Inside An IDN: UVA Health System’s Biosimilar Approach
The IDN that often takes the spotlight in terms of biosimilar experience is Kaiser Permanente. As of last year, the organization had upwards of 95 percent uptake on Zarxio. But having learned more about another IDN — the UVA Health System — it would seem Kaiser is one of the more aggressive organizations in terms of biosimilar uptake.
According to Noah Greenberg, a pharmacist in specialty medication services for UVA Health System, the institution’s current strategy, like many others, is to watch and wait. This is partially because of the way the organization is structured. In order for a drug to be approved to the hospital formulary for in-patient care, it has to be reviewed by the IDN’s Pharmacy and Therapeutics (P&T) Committee. The real challenge to getting a biosimilar on this formulary will be the education of the system’s physicians. In order for a biosimilar to be reviewed by the P&T committee, a physician will need to recommend it.
However, the type of biosimilar — supportive care vs. therapeutic — will likely be a major influence in a doctor’s decision to promote one, at least in the beginning. For instance, according to Greenberg, biologics are not heavily used in in-patient settings because of poor reimbursement. But for a product like Zarxio (filgrastim), which is a supportive care product rather than a chronic, long-term therapeutic like Humira or Enbrel, there might be a more proactive attitude by doctors.

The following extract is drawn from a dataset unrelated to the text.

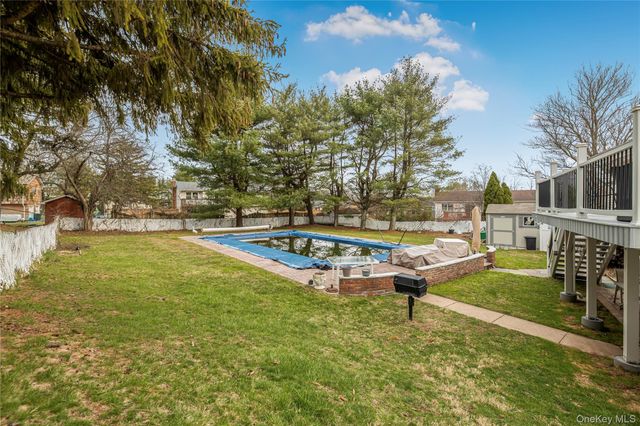 72 S Mary Francis Street, Tappan, NY 10983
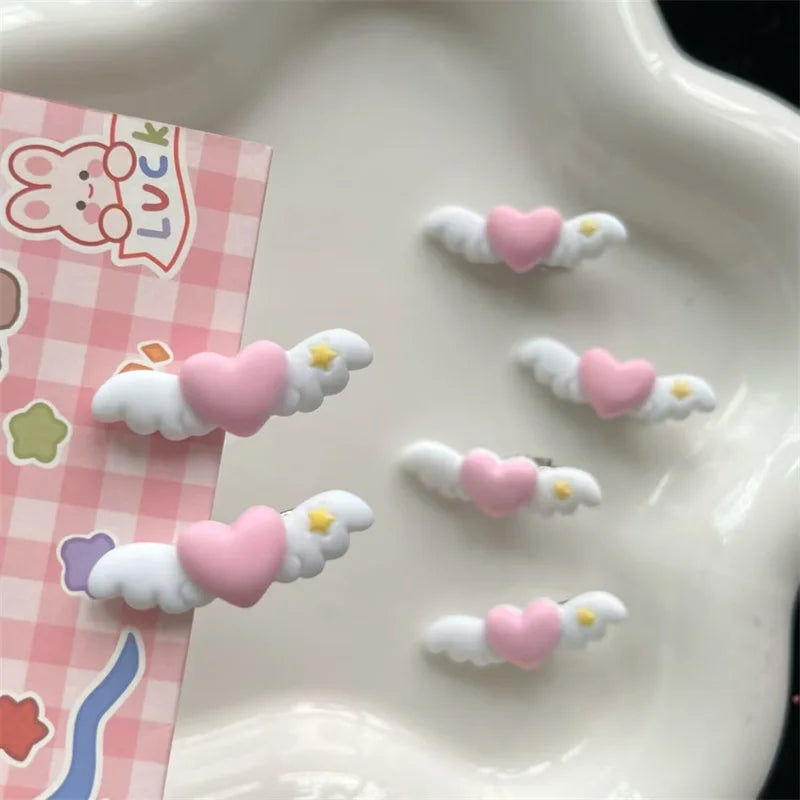 Cartoon Heart Wings Pet Hair Clips – Cute Bow Hairpins for Dogs & Cats, Adorable Hair Accessories.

Greenberg argued physicians will likely feel more comfortable switching a patient to a supportive care biosimilar because there’s an immediate measurable response. The patient’s white blood cell count will either increase if the treatment is effective or will not be affected at all. (In fact, Greenberg referenced one situation in which he couldn’t get Neupogen covered. He suggested Zarxio or Teva’s quasi-biosimilar Granix to a doctor, who, without pause, said to get whichever version of filgrastim they could.) Greenberg argued the same comfort would likely translate to erythropoiesis-stimulating agents (EPAs) as well.
When it comes to the cancer realm, however, patient response is not going to be as immediate or as easy to measure, especially when it comes to the different indications. Cancer care requires multiple months and treatment cycles. And, even though a chronic-care drug taken for a life-long condition like Crohn’s disease or colitis affects a patient’s quality of life, there is very little threat of mortality as there is with cancer.

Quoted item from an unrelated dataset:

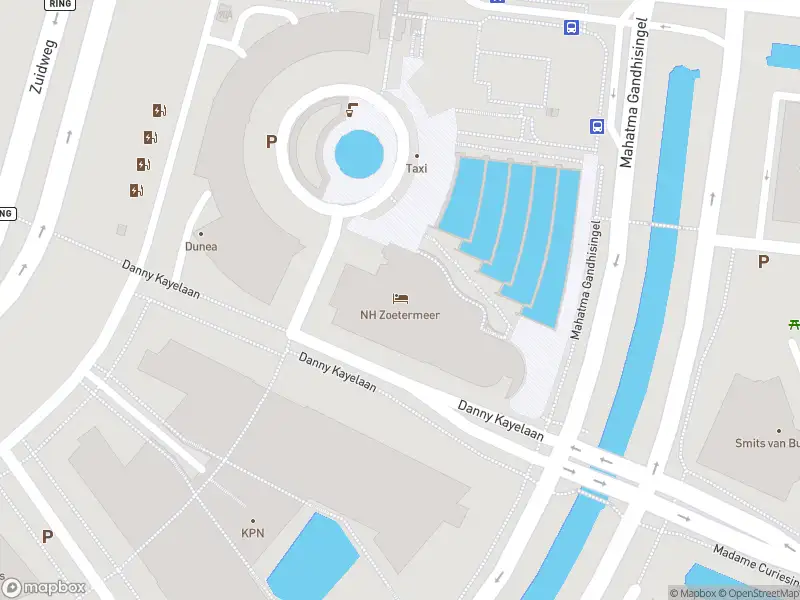 Ambulance met gepaste spoed naar de Danny Kayelaan in Zoetermeer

Even for Greenberg, there was clearly discomfort over the notion of using a biosimilar — for instance, rituximab — in the treatment of cancer. “If I’m talking about choosing for a family member a product that’s been out there for 10 to 12 years versus something that just got approved, especially for extrapolating an indication, I might push my physician to go with the brand versus a biosimilar,” he explained.

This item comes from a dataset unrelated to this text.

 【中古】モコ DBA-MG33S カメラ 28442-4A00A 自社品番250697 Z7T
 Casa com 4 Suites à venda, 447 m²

Besides the obvious need for education, it’s also important to note that some hospitals, including UVA Health System, have a 340B program. Because of this program, there are a number of costly biologics distributed on the outpatient side that already have, as Greenberg called it, an “advantageous” price tag. Since a big value proposition of biosimilars is their cheaper cost, the lower pricing of the reference product could be enough to keep the originator in play. Now, this isn’t to say that a physician couldn’t write a prescription for an Enbrel or Humira biosimilar to be filled at a Walgreens or CVS pharmacy. A patient just couldn’t have those biologics administered in a UVA physician’s office.
But overall, Greenberg warned that biosimilar products of Humira and Enbrel, for instance, could find 340B programs to be yet another hurdle to usurping their reference product competition.